Group work is a way of getting students to work together to solve a problem or learn new information. By using group work, educators teach students how to learn from one another's ideas. Since scientists do not work in isolation, using group work in a structured way can teach students skills in collaboration and accountability, similar to skills scientists must have.**Cooperative Learning**- Cooperative Learning involves structuring classes around small groups that work together so that each group member's success is dependent on the group's success.

**Jigsaws**- In a jigsaw, teams of students prepare separate but related assignments. Teams regroup and peers then teach each other about their prepared portion of the learning.

**Gallery Walks**- In a Gallery Walk, questions are posted at stations around the room. Teams of students rotate around the classroom, composing answers to questions while reflecting upon the answers given by other groups.

### Innovative Methods for Application and Analysis

Students ability to respond to higher order questioning demonstrates the degree to which they understand a particular topic.
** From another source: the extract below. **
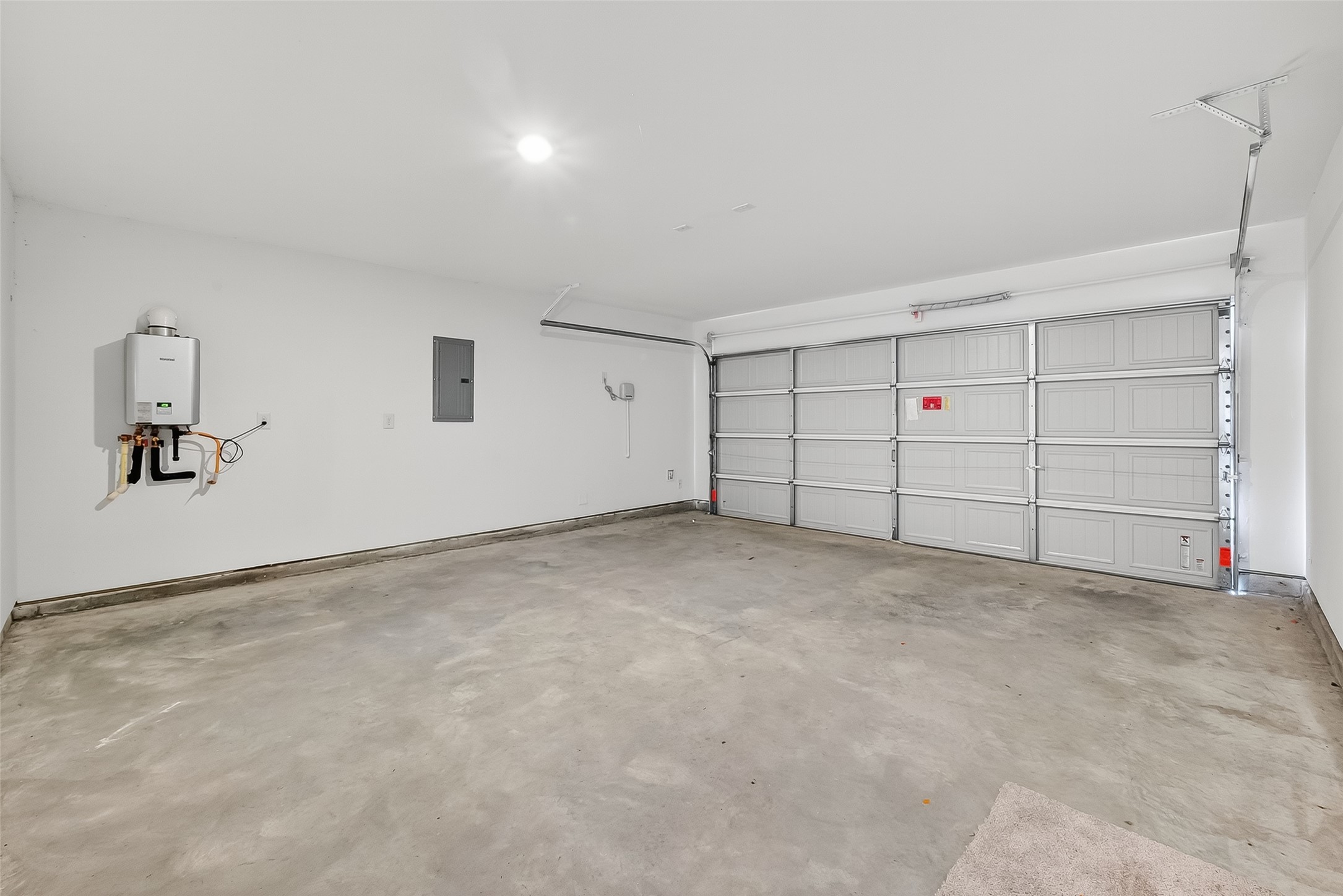 18510 Autumn Hts Lane Crosby, TX 77532 - Photo 27 of 29 a view of an empty room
In the following methods, students are required to justify answers, apply information, or analyze ideas. These methods are very useful for eliciting student's understanding of what they have been taught and also for identifying any remaining misconceptions students may hold.

**Direct Measurement Videos**- These short, high-quality videos of real events that students can use to explore and apply physics concepts. The videos can be used for labs, homework, assessments, or open-ended problems. Several of the videos are paired with classroom-ready activities that integrate videos into the introductory mechanics curriculum. What sets these videos apart from others is that students can measure distances, time, angles, and other variables right from the videos, allowing for a wide variety of quantitative and theoretical exploration.

**Documented Problem Solving**- This process requires students to record their thought process as they solve a problem. Instead of simply presenting a solution, students must explain their reasoning for arriving at their solution.

**Game Based Learning**- In game based learning, students compete to learn material. Included in this resource are tips for making a meaningful game, making rules fair, and grading.

**Interactive Lecture Demonstrations**- This resource provides formatting for scaffolding learning from demonstrations. Students predict an outcome, observe the demonstration and reflect on their previous assumptions of the outcome.

**Socratic Questioning**- Educators present thoughtful questions for students to discuss which cause them to think critically about a topic or issue. The educator then requires students to justify their responses.

**Experience based Environmental projects**- Experience-based environmental projects offer a way for students to apply classroom topics like energy use, global warming, water quality and land use to their own lives, and to realize that although these issues may be global or regional, they ultimately have roots at the individual level.

**Civic Engagement and Service Learning**- Connecting students with community members to conduct science in areas similar to what you are teaching in the classroom can be a very powerful lesson to students that what they are learning is relevant and useful to their future careers and lives as informed citizens. This resource provides more information about this approach and offers many examples you can use in your class.

**Service Learning**- When students link a learning project with community service, they are conducting service learning. This resource presents information on why service learning is valuable, tips on how to start a service learning component in your classroom, and how to assess students' learning and get students to reflect on their work.

### Making Lecture Interactive

**Interactive Lecture Demonstrations**- This resource provides formatting for scaffolding learning from demonstrations. Students predict an outcome, observe the demonstration and reflect on their previous assumptions of the outcome.

**Lecture Tutorials**- This resource offers suggestions and rationale for creating worksheets for students to complete as they listen to lecture presentations. These worksheets make lectures more interactive and help students understand what information is most important from lectures.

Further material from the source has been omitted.